Aquaculture Africa 2021

March 25 - 28, 2022

Alexandria, Egypt

A SUCCESSFUL AQUACULTURE MODEL WITH SOCIAL RESPONSIBILITY IN AFRICA

Naga Murali CH1, Rajiv Banerjee2, Akshay Kumar Singh3

 

Fish & Feeds Ltd

P.O Box No: 24

Sogakope, Volta Region , Ghana

chnmurali@gmail.com

 



 There was so much research done, studies conducted, model farm demonstration done to encourage the Sub-Saharan, east, middle, west & south African farmers to venture into aquaculture so that they can feed their nations. But unfortunately, most of the farming models are high capital intensive, highly technical and finally producing fish at high cost of production. W e, as a responsible Danish seafood trading company have tried to demonstrate a model farming  in Ghana  which produces fish with basic technology, hormone free, with balanced nutrition, creating more jobs.

 Cage culture in Ghana has been facing lot of issues from organized theft, high mortalities due to streptococcus, ISKNV etc. It  is mostly like “cage culture is lacking both security and biosecurity safety in Ghana” . At that critical situation we have invested in commercial pond farming with 2-tier system of Nursery (20% area out 1 Ha) and Grow-out (80% area out of 1 Ha) and we stocked 1 g size sex reversed fingerlings in nursery, grown them for 90 days where they have reached 90-100 g size and then transferred to grow-out  ponds  and grown them there for another 90-120 days. Overall, we have maximized  output  3 times from a unit area. We produce 30 tons/Ha/year with an accessory aeration of 3-5 Hours in a day (2 AM to 7 AM). Effective harvest size is 400-450 g with 98-100% survival in Grow-out and 60-70% in Nursery Pond.

 After ISKNV has hit Ghana in 2019 with severe mortality, we have faced mortality in nursery ponds almost loosing 90% in some of the nursery ponds, but our grow-outs were not affected which still maintained 98-100% survival. We have used some organic products, stopped hormone usage since hormone usage suppresses immunity and we have applied Darwin theory of survival for fittest at nursery stages achieving 40-50% survival compared to 5-10% survival in other farms,  and  achieved 100% survival  in grow-out  consistently in our farm. We give  a  maximum time of 90-120 days for fish to breed in grow-out culture where the fingerlings can attain a maximum size of 10 g by the time of harvest and that fish will be distributed to village people either for free or  for nominal price.

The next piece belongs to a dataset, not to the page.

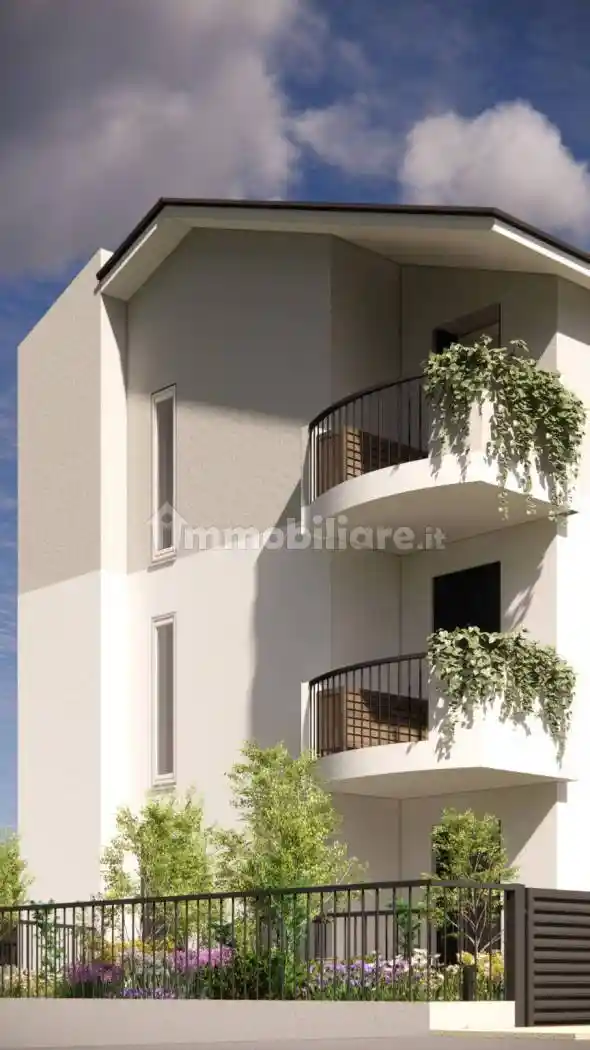 Bilocale ottimo stato, primo piano, Centro, San Giovanni Ilarione - foto 5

 Overall, we achieved lowest FCR, lowest cost of production, low carbon footprint, low Nitrogen emission, low phosphate emission by having control on feed and  by  substituting formulated feeds with natural food (plankton). Our laborious method of harvest makes theft impossible, even it happens that will be negligible quantity.

 We are marching towards export of whole round tilapia to regional markets in Africa and fresh frozen tilapia fillet to rest of the western world at a on par price match with Asian products. The numbers, graphs, and technical data will be presented in full version of the paper.